Exercise directions — Omitting any pictures, transcribe the entries below exactly.

BEGIN Record excerpts

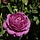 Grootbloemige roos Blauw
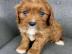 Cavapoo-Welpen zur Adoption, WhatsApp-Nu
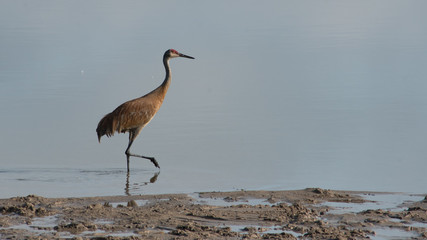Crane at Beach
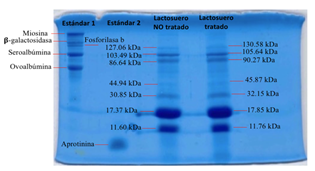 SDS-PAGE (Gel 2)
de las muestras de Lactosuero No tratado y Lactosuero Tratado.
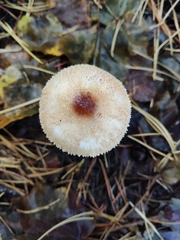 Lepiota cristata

END Record excerpts

Answer to the problem —
 Grootbloemige roos Blauw
 Cavapoo-Welpen zur Adoption, WhatsApp-Nu
Crane at Beach
 SDS-PAGE (Gel 2)
de las muestras de Lactosuero No tratado y Lactosuero Tratado.
 Lepiota cristata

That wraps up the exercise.